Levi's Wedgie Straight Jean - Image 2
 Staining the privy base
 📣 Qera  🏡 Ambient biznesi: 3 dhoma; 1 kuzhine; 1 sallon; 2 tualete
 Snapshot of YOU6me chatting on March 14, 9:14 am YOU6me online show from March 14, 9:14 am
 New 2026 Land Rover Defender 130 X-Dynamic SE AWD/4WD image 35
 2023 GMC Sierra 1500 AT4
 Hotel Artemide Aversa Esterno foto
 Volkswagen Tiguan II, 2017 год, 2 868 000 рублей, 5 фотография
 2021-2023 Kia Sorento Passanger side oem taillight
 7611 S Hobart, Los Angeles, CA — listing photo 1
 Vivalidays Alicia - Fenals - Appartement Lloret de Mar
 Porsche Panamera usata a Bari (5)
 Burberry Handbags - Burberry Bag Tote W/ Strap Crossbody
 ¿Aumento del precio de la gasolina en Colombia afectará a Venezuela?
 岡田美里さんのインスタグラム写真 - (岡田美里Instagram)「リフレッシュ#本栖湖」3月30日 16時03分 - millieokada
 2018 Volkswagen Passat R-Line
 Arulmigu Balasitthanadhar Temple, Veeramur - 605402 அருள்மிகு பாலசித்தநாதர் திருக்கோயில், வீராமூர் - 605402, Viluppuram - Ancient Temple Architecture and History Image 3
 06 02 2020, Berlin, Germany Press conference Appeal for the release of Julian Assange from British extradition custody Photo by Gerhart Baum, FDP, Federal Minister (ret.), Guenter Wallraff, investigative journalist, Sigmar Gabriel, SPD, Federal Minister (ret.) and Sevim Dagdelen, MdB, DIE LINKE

────────

Task directions:
Type the material above out again, exactly.

Task output:
Levi's Wedgie Straight Jean - Image 2
 Staining the privy base
 📣 Qera  🏡 Ambient biznesi: 3 dhoma; 1 kuzhine; 1 sallon; 2 tualete
 Snapshot of YOU6me chatting on March 14, 9:14 am YOU6me online show from March 14, 9:14 am
 New 2026 Land Rover Defender 130 X-Dynamic SE AWD/4WD image 35
 2023 GMC Sierra 1500 AT4
 Hotel Artemide Aversa Esterno foto
 Volkswagen Tiguan II, 2017 год, 2 868 000 рублей, 5 фотография
 2021-2023 Kia Sorento Passanger side oem taillight
 7611 S Hobart, Los Angeles, CA — listing photo 1
 Vivalidays Alicia - Fenals - Appartement Lloret de Mar
 Porsche Panamera usata a Bari (5)
 Burberry Handbags - Burberry Bag Tote W/ Strap Crossbody
 ¿Aumento del precio de la gasolina en Colombia afectará a Venezuela?
 岡田美里さんのインスタグラム写真 - (岡田美里Instagram)「リフレッシュ#本栖湖」3月30日 16時03分 - millieokada
 2018 Volkswagen Passat R-Line
 Arulmigu Balasitthanadhar Temple, Veeramur - 605402 அருள்மிகு பாலசித்தநாதர் திருக்கோயில், வீராமூர் - 605402, Viluppuram - Ancient Temple Architecture and History Image 3
 06 02 2020, Berlin, Germany Press conference Appeal for the release of Julian Assange from British extradition custody Photo by Gerhart Baum, FDP, Federal Minister (ret.), Guenter Wallraff, investigative journalist, Sigmar Gabriel, SPD, Federal Minister (ret.) and Sevim Dagdelen, MdB, DIE LINKE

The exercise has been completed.